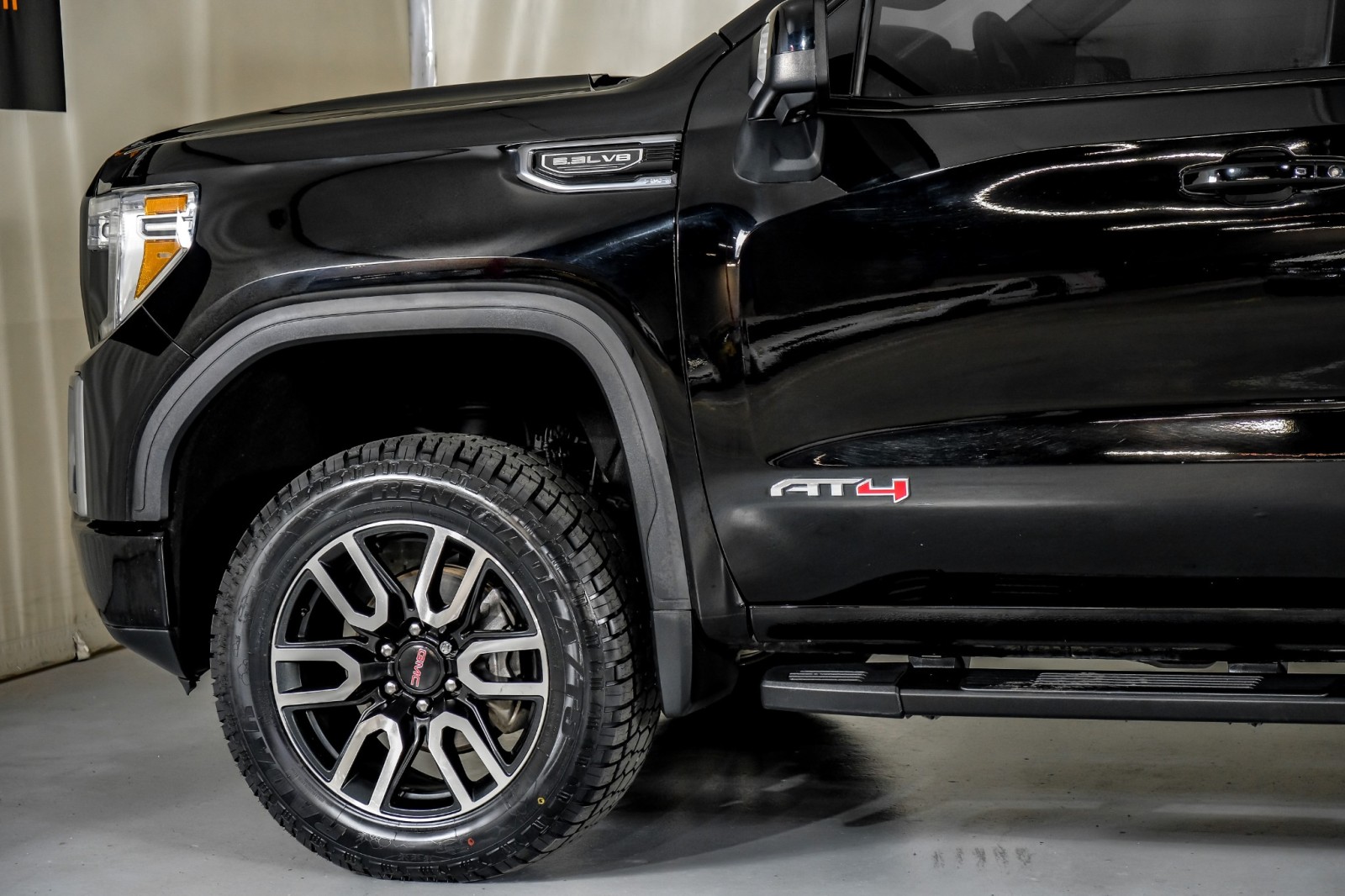 2020 GMC Sierra 1500 AT4 12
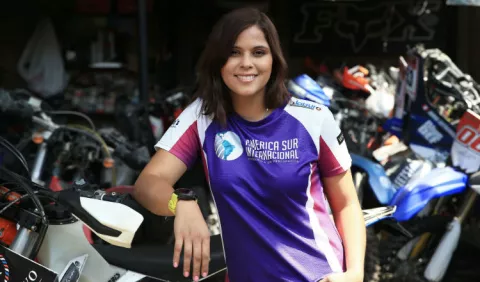 Gianna Velarde venció al cáncer y ahora correrá en moto el Dakar 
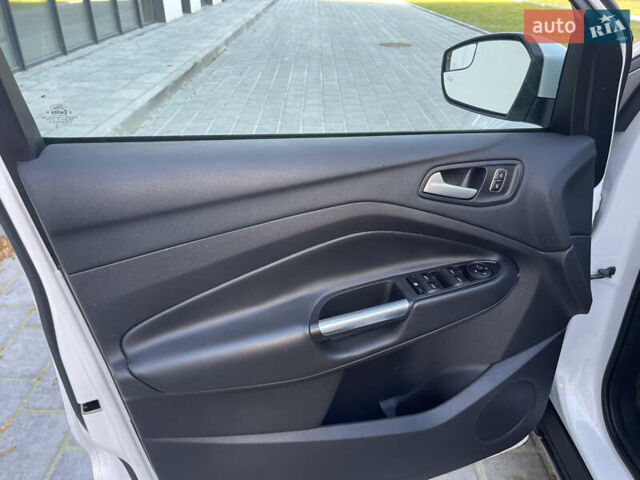 Белый Форд Эскейп, объемом двигателя 1.5 л и пробегом 270 тыс. км за 11000 $, фото 18 на Automoto.ua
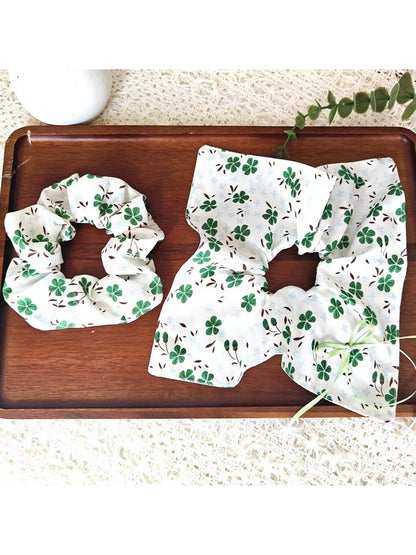 Gifty - Clover Print Floral Polyester Fabric Scrunchie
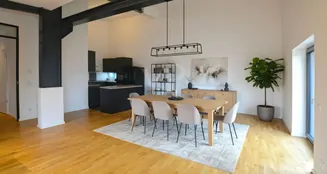 von_poll_real_estate_property_25121126_image_3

※ ※ ※

Task to carry out: Without including any pictures, return every line of the records exactly.

Output below:
 2020 GMC Sierra 1500 AT4 12
 Gianna Velarde venció al cáncer y ahora correrá en moto el Dakar 
 Белый Форд Эскейп, объемом двигателя 1.5 л и пробегом 270 тыс. км за 11000 $, фото 18 на Automoto.ua
 Gifty - Clover Print Floral Polyester Fabric Scrunchie
 von_poll_real_estate_property_25121126_image_3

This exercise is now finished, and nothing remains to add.